Published in final edited form as: Epidemiology. 2009 Nov;20(6):816–e2. doi: 10.1097/EDE.0b013e3181afef88

Arsenic exposure and Prevalence of Type 2 Diabetes: Updated Findings from the National Health Nutrition and Examination Survey, 2003-2006

Ana Navas-Acien 1,2, Ellen K Silbergeld 1, Roberto Pastor-Barriuso 3,4, Eliseo Guallar 2,5,6
PMCID: PMC2956265  NIHMSID: NIHMS239675  PMID: 19713856

The role of inorganic arsenic exposure in chronic diseases, including type 2 diabetes, is a major public health research question. This has been underscored by recent epidemiologic1-4 and experimental5-8 evidence supporting increased risks at low exposure levels. In this context, it is critical to understand the biology and the technical limitations of biomarkers of inorganic arsenic exposure, usually measured in urine.9-11 Total urine arsenic integrates exposure from multiple sources including inorganic (arsenite, arsenate) and organic (mainly arsenobetaine, arsenosugars and arsenolipids) arsenic compounds and their metabolites (Figure 1). In population-based studies, arsenic speciation in urine is important to differentiate inorganic from organic exposure because organic arsenicals, mostly found in seafood, have little toxicity relative to inorganic arsenic and its metabolites. Despite analytic advances in the measurement of arsenosugars, arsenolipids and their metabolites,9 their determination remains technically challenging in epidemiologic studies. For example, those compounds were not measured in the 2003-2004 National Health Nutrition Examination Survey (NHANES). Moreover, because arsenite, arsenate and methylarsonate—species that directly reflect inorganic arsenic exposure and metabolism (Figure 1)—were measured in NHANES 2003-2004 with high limits of detection,9,12-14 only total arsenic, dimethylarsinate, arsenobetaine and arsenocholine (a minor seafood arsenical) were available for analyses of arsenic and health endpoints.

Figure 1.

Figure 1

Inorganic and organic arsenic exposure: relevant arsenic compounds in the general population, from source to urine. In NHANES 2003-2004, arsenite, arsenate, methylarsonate (MA) and arsenocholine were below the limit of detection in 96%, 94%, 65% and 98% of study participants, respectively. Other metabolites of arsenosugars and arsenolipids (thio-arsenic and oxo-arsenic compounds, etc.) were not measured. As a result, only total arsenic, dimethylarsinate (DMA) and arsenobetaine were available for arsenic analyses in NHANES 2003-2004.

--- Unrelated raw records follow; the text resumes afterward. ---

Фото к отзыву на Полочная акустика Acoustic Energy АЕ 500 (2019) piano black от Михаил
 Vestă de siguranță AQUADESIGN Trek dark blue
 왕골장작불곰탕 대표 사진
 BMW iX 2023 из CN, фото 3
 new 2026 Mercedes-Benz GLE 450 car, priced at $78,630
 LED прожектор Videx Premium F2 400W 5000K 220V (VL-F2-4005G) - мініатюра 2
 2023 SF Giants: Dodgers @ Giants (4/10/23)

To evaluate the association of inorganic arsenic exposure with the prevalence of type 2 diabetes in NHANES 2003-2004,2 we reported two main strategies to remove the contribution of organic arsenicals of marine origin to total urine arsenic. First, we conducted analyses of the association between total urine arsenic and the prevalence of type 2 diabetes adjusted for sociodemographic factors, diabetes risk factors, and two markers of seafood intake (urine arsenobetaine and blood mercury). More importantly, we reported analyses of the association between total urine arsenic and the prevalence of type 2 diabetes adjusted only for sociodemographic and diabetes risk factors but restricted to participants with low arsenobetaine levels (ie participants with unlikely seafood intake, in whom urine arsenic would be derived mainly from inorganic arsenic). The magnitude of the association in this subgroup was similar to the analysis adjusting for urine arsenobetaine and blood mercury, demonstrating that the association between arsenic and type 2 diabetes identified in the whole sample was driven by inorganic arsenic exposure and was not dependent on the statistical method used to control for organic arsenicals of marine origin.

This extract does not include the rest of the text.